** EXERCISE DETAILS **
Without copying any picture, transcribe exactly the lines of the data below from the one containing "20291501 Amana Menumaster Gasket-Silicone" through the one containing "COZY BAGS - YLS Bags - 1826".

** AVAILABLE RECORDS **

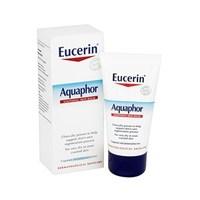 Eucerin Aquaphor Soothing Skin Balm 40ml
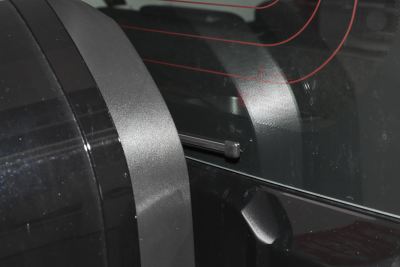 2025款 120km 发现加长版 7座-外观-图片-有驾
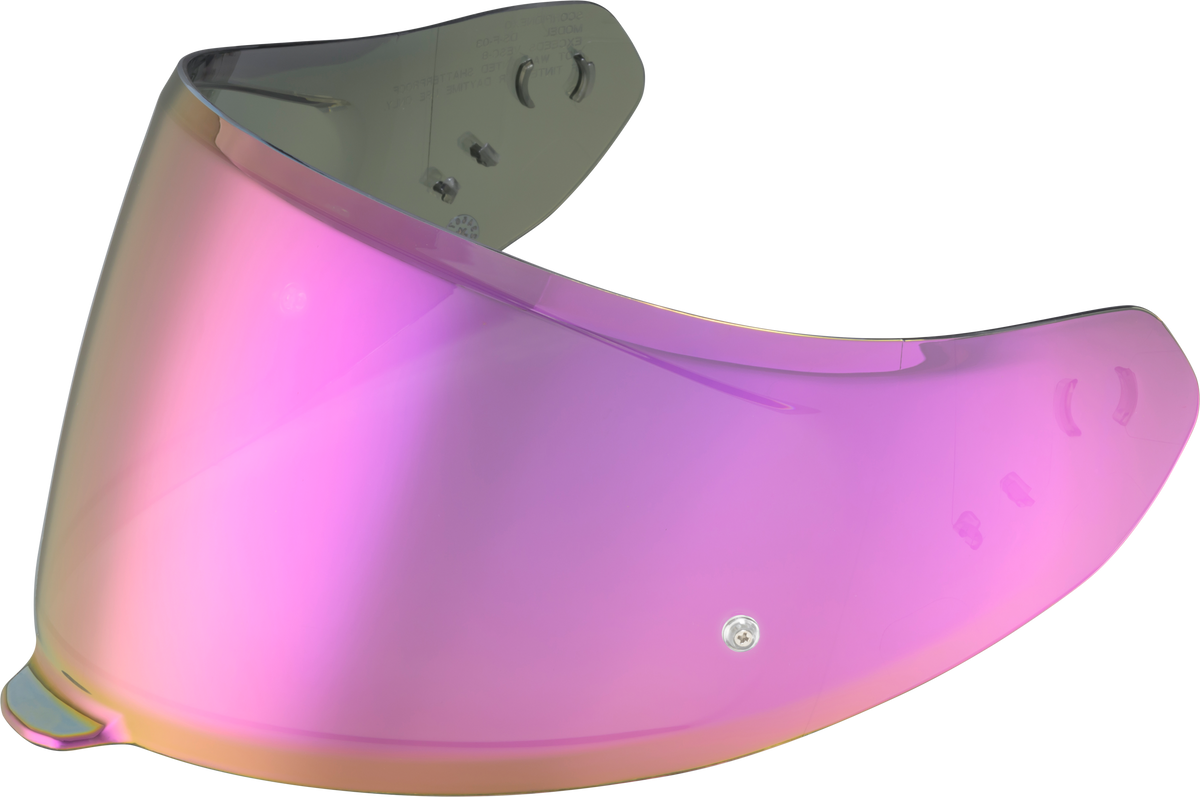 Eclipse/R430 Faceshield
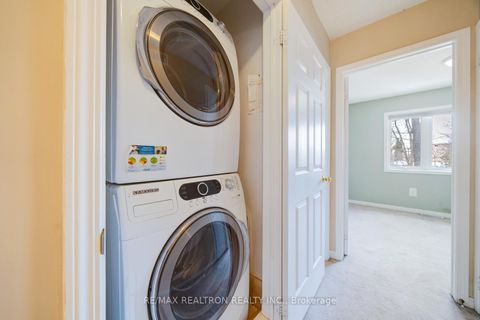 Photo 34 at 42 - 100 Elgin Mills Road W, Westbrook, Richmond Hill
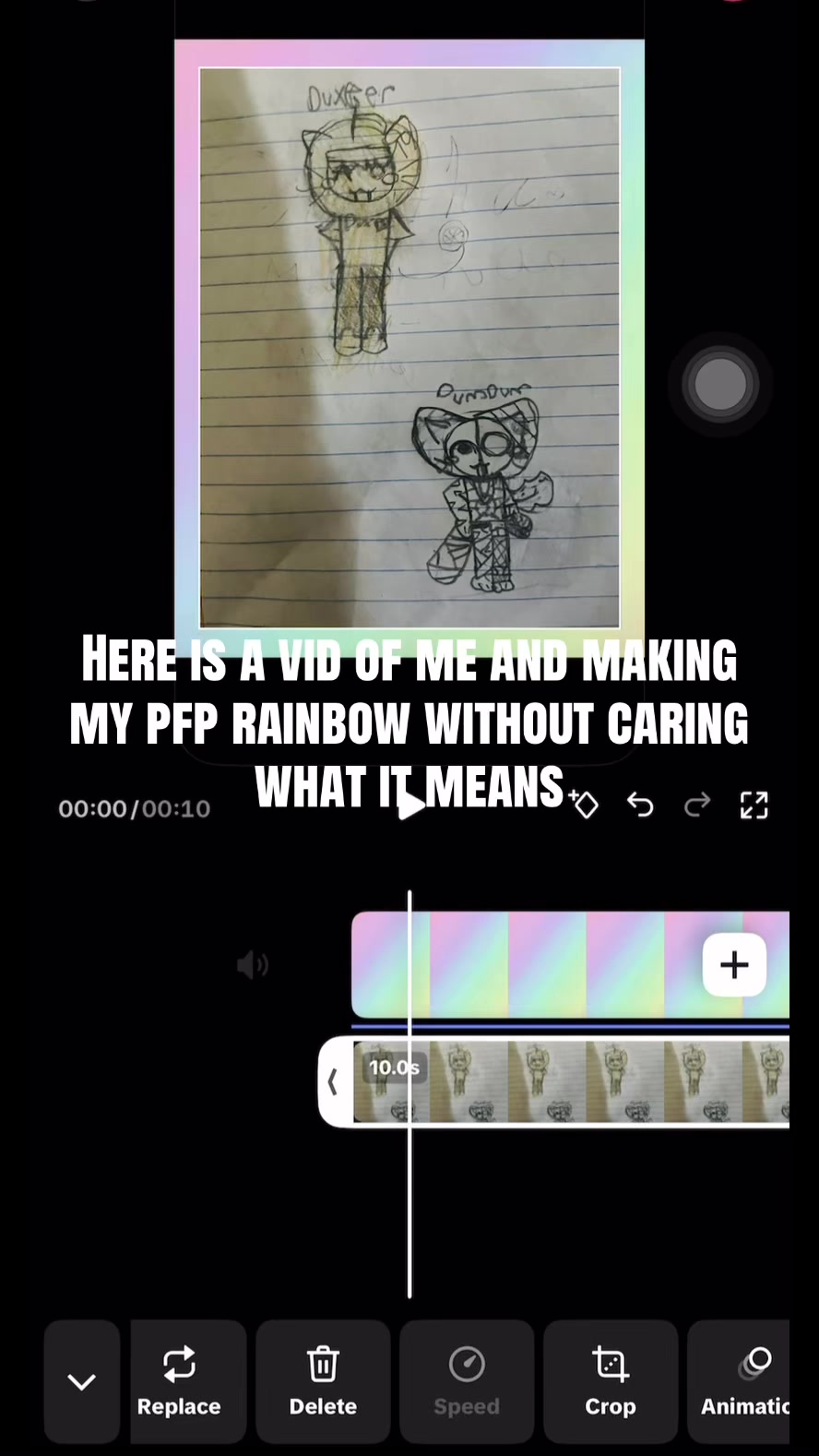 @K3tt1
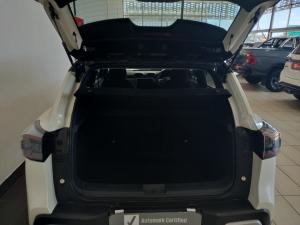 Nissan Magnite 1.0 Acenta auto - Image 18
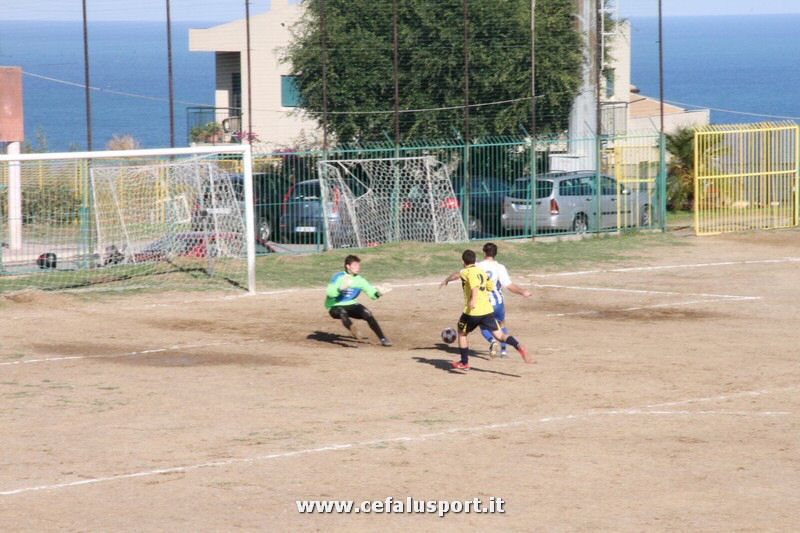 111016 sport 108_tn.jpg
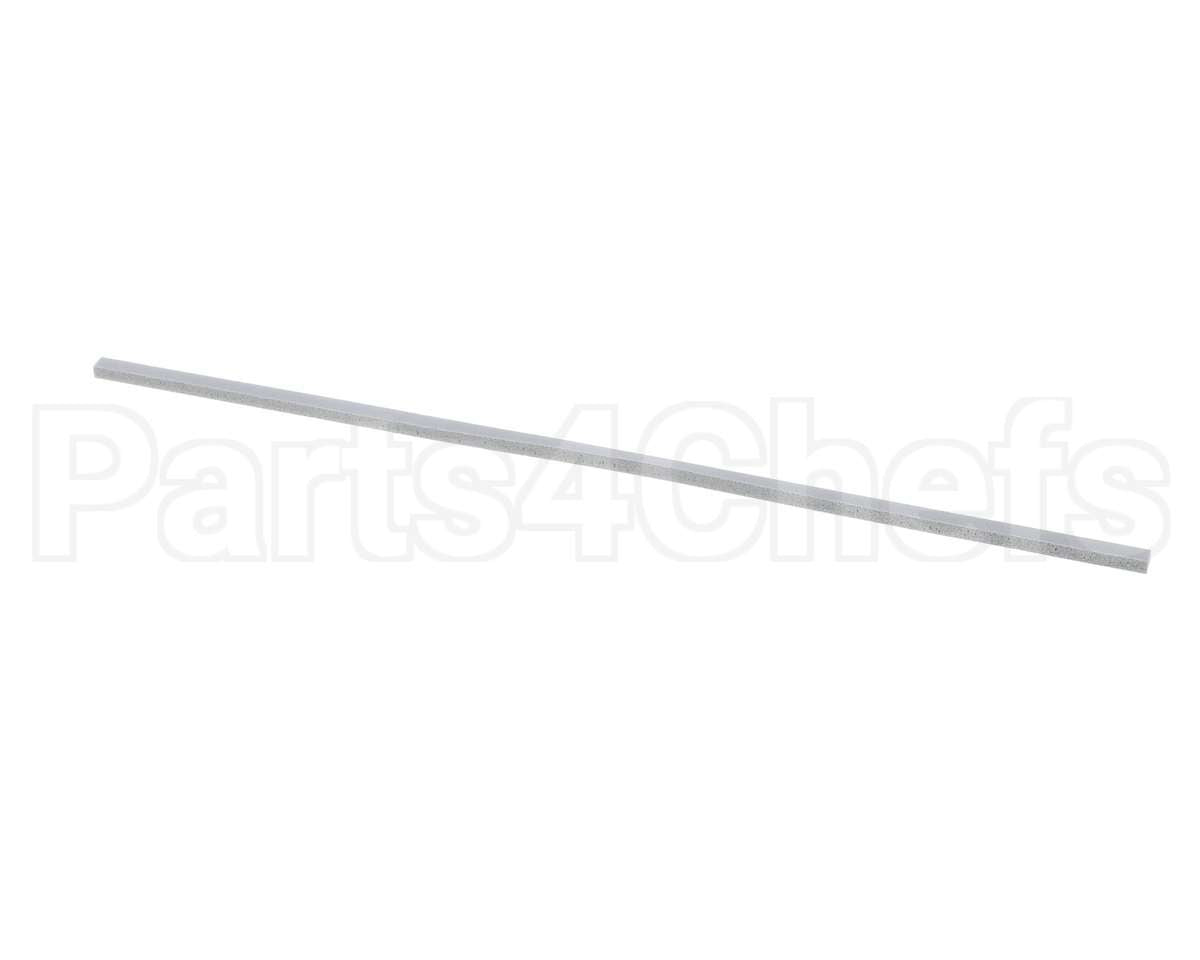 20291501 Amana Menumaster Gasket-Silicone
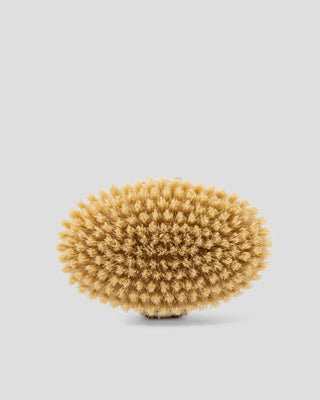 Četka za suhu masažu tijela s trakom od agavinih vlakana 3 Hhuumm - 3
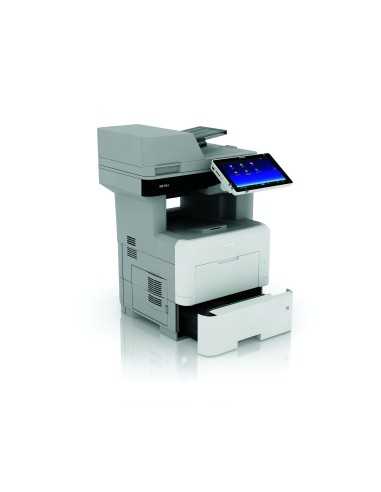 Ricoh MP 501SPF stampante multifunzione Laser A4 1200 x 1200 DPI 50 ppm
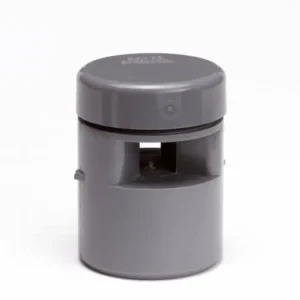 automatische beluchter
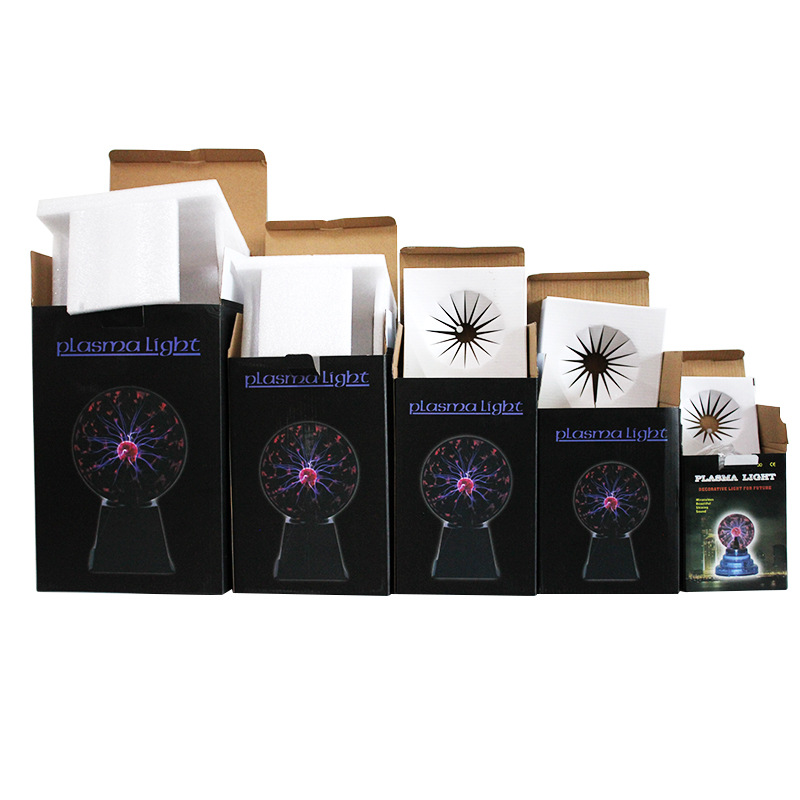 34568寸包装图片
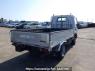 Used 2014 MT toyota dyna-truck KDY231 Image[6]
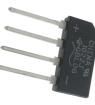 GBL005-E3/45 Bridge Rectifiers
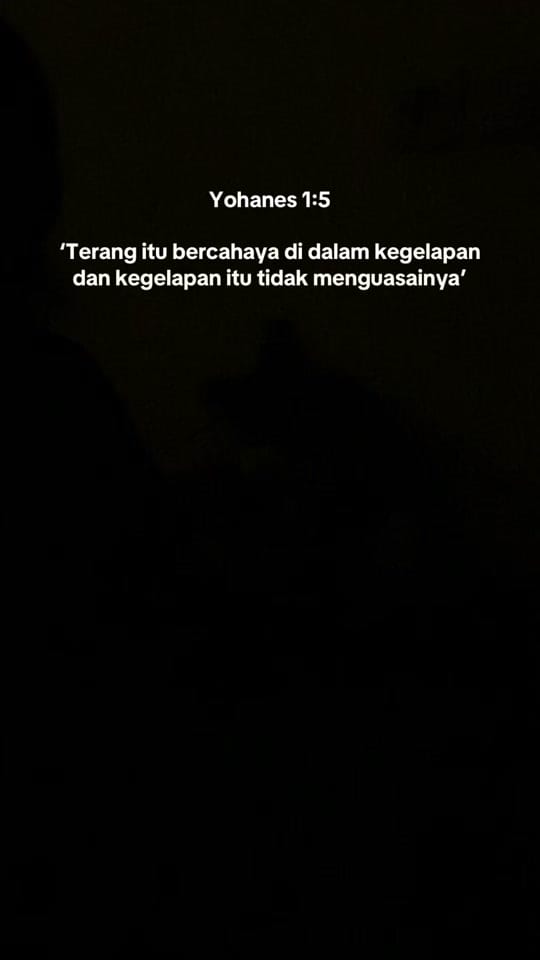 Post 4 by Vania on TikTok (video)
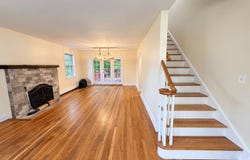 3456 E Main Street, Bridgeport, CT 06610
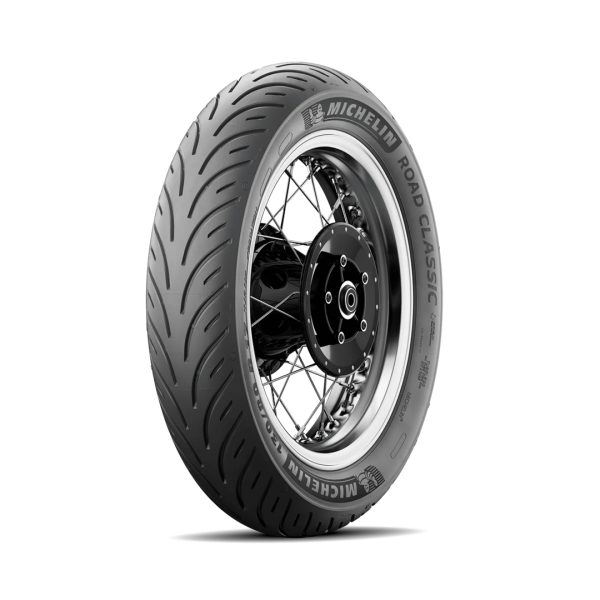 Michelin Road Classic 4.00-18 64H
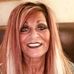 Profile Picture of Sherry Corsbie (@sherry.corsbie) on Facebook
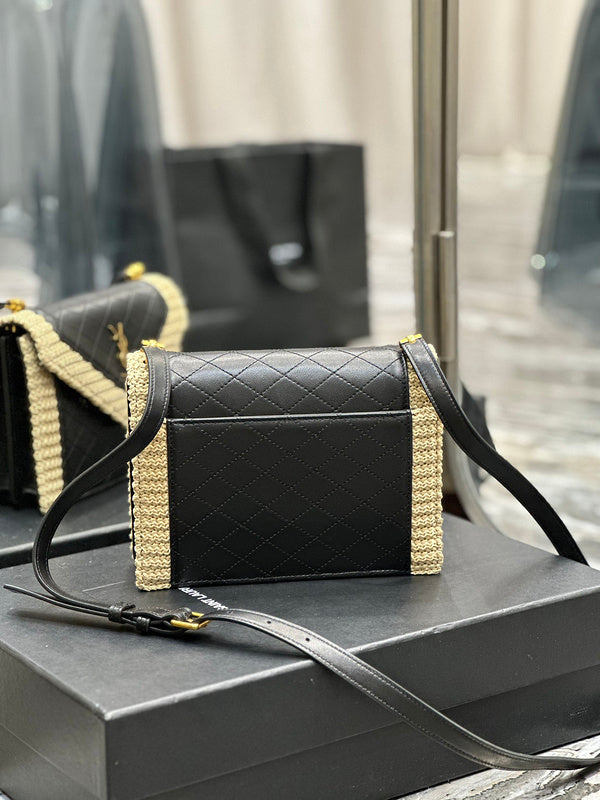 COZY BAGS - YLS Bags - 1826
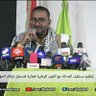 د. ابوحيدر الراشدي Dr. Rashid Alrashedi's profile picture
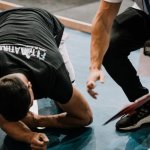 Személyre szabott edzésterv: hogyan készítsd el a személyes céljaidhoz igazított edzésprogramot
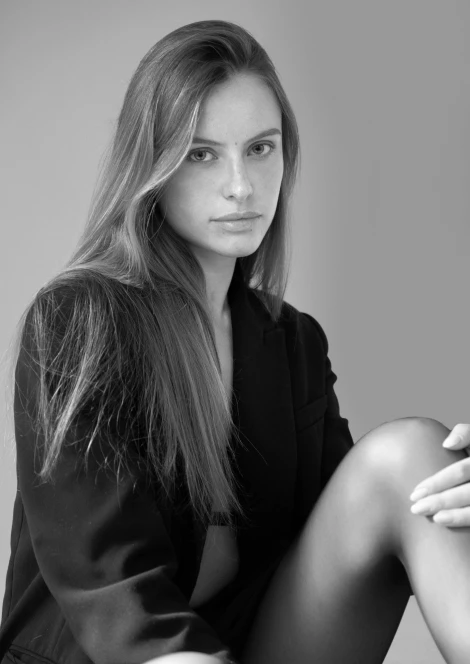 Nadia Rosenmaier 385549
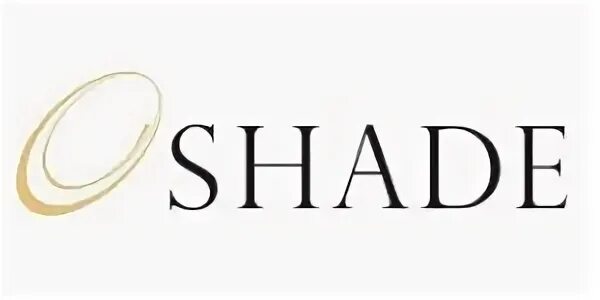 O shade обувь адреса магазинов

** ANSWER FOR THE TASK **
 20291501 Amana Menumaster Gasket-Silicone
 Četka za suhu masažu tijela s trakom od agavinih vlakana 3 Hhuumm - 3
 Ricoh MP 501SPF stampante multifunzione Laser A4 1200 x 1200 DPI 50 ppm
 automatische beluchter
 34568寸包装图片
 Used 2014 MT toyota dyna-truck KDY231 Image[6]
 GBL005-E3/45 Bridge Rectifiers
 Post 4 by Vania on TikTok (video)
 3456 E Main Street, Bridgeport, CT 06610
 Michelin Road Classic 4.00-18 64H
 Profile Picture of Sherry Corsbie (@sherry.corsbie) on Facebook
 COZY BAGS - YLS Bags - 1826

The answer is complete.